If you had preeclampsia in a previous pregnancy, you are at an increased risk of developing it in future pregnancies. Your degree of risk depends on both the severity and the time when the disorder developed in your first pregnancy. In general, the earlier in the pregnancy you developed preeclampsia and the more severe the disorder, the more likely you are to have it again.

There has been some research looking at the rate of reoccurrence in subsequent pregnancies, but more is needed. The findings suggest the risk of having it again is approximately 20%, however experts cite a range from 5-80%, depending on when you had it in a prior pregnancy, and how severe it was. If you had preeclampsia during your first pregnancy, you may get it again. While repeat occurrence is often milder, no one can predict for sure. You should be watched carefully after a preeclamptic pregnancy.

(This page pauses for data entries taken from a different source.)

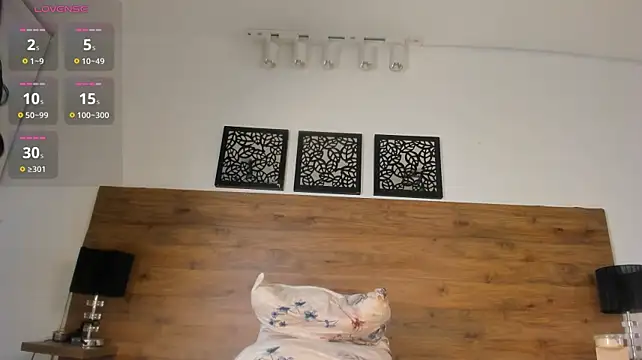 MOONWUW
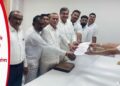 गिरणा धरणातून तीन आवर्तने सोडण्याची मागणी; जिल्हाधिकाऱ्यांना निवेदन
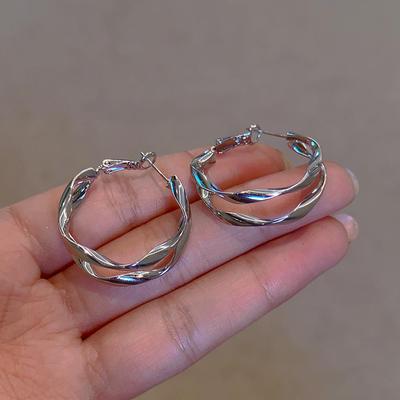 Boucles d'oreilles torsadées irrégulières pour femmes, bijoux tendance, Design Unique, élégant, délicat, Double couche, cadeaux de fête Premium, 2023
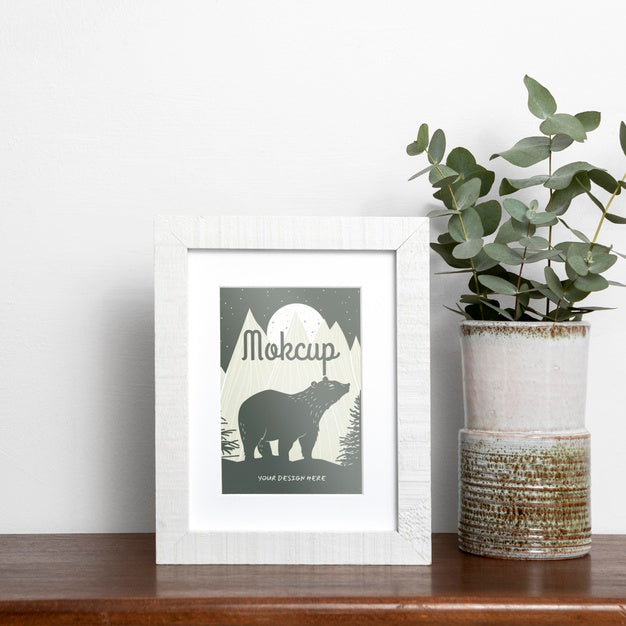Mockup Frame On Table Psd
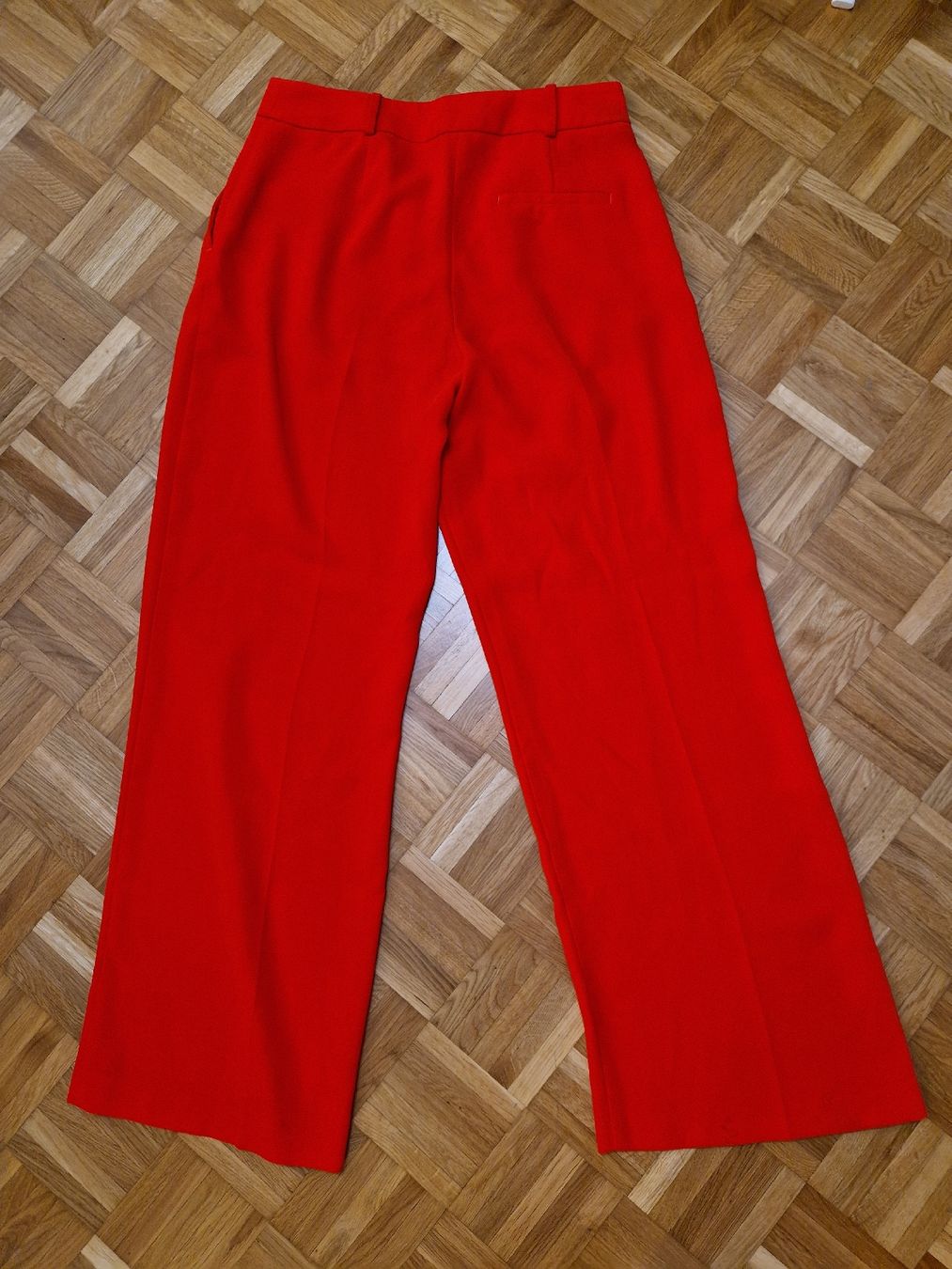 Zara Hosen: Red Casual Trousers - Size 38 – Gebraucht aus Allschwil von IreneTu 1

The risk of preeclampsia increases if you have any of the risk factors like previous preeclampsia, or have developed chronic hypertension or diabetes since your previous pregnancy, or if you are having IVF, twins or other multiples.

If you do develop preeclampsia, you and your baby will be monitored regularly. Treatment, which centers on delaying the onset of severe disease and prolonging delivery until fetal maturity, may include daily self-measurement of blood pressure and restricted activity. If there is any change in your condition, you may be hospitalized promptly.